The Supreme Court of Canada also made one other important ruling in the case when it concluded (at para 39) that the rule of capture did not apply across the phases of hydrocarbons i.e. the petroleum owner could not claim to be the owner of any natural gas under original reservoir conditions (i.e. gas cap gas) which it captured in the ordinary course of operations.
Accordingly, while Borys decides that the owner of the petroleum cannot be enjoined from producing the petroleum just because some gas cap gas (or condensate) is also produced, neither Borys nor Anderson allows the petroleum owner to claim ownership of gas cap gas or condensate by virtue of capture. This set of findings sets up a claim for an accounting (and possible tortious action) – at least to the extent that the petroleum owner is reducing the gas owner’s gas or condensate to possession and marketing it for its own account.
The questions might include the following:
- Does the petroleum owner owe a duty to account for monies received from the sale of gas cap gas or condensate?
- Does the gas owner have a tortious cause of action against the petroleum owner or its lessees in relation to the above? If so, what cause of action – conversion, trespass to chattels, the ubiquitous tort of negligence?
- What costs (if any) incurred by the petroleum owner and its lessees in drilling and operating the wells and transporting and processing of any gas cap gas or condensate should be taken into consideration as part of any accounting? Could this result in negative accounts and a duty to contribute? See Prism Petroleum Ltd v Omega Hydrocarbons Ltd,  6 WWR 585 (AB CA) and Justice Fruman at trial, supra at paras 167 – 169.
- Does the petroleum owner (and its lessees) have a duty not to flare the gas owner’s gas where such can reasonably be avoided?
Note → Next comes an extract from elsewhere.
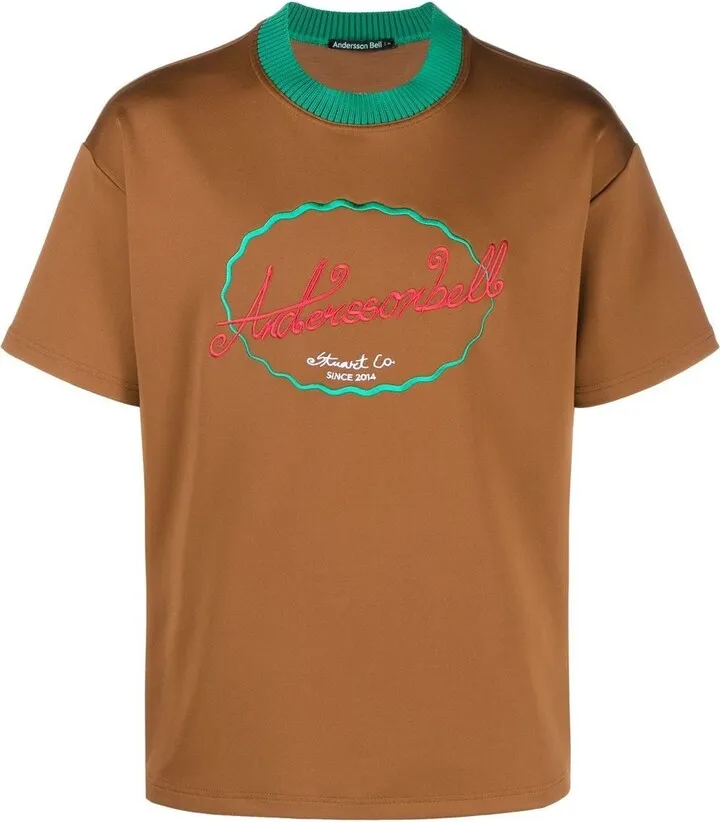 logo-embroidered crew neck T-shirt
- How should onus of proof issues be dealt with? Should the Court attempt to level the playing field between the vulnerable gas owner (shades of fiduciary duty here Frame v Smith,  2 SCR 99 – but surely no duty of undivided loyalty) and the all powerful petroleum lessee? Should the petroleum owner have a duty to provide the gas owner with basic information about the reservoir such as information on original reserves in place, original reservoir pressure and the bubble point? Should there be a duty to provide updated information from time to time? What might be the legal basis of such duties?
These are all matters which cannot now be resolved by the Anderson case.
So what did the Court of Appeal decide?
In its most recent ruling the Court of Appeal (Justices Martin, Picard and O’Ferrall) has simply decided to confirm Justice Nation’s oral reasons (May 25, 2010) and Order (30 June 2010) dismissing the plaintiffs’ actions on the basis of Rule 244.1(1) of the old Rules of Court. This Rule, the drop dead rule, provides that the Court must dismiss an action where the plaintiff has failed to take any action to materially advance the action for five years or more.
In the present case the Supreme Court handed down its judgement on July 16, 2004. Nothing was done until 2007 when there was a meeting between counsel to identify remaining issues. Ultimately the plaintiffs sought and obtained an order for the appointment of a case management justice on April 30, 2009 – but the plaintiffs did not actually apply to have a case management justice named until October 28th 2009 (after the five years had elapsed).
Following earlier authority, Justice Nation concluded that the plaintiffs had not met the requirements of the Rule to actually advance the litigation in a material way within the five years. It was not enough to take a procedural step (bringing the application for case management) – something material was required such as, in this case, actual directions from the case management justice. This never happened.
The petroleum owners have clearly won two battles – whether there is a war still left to be fought remains to be seen.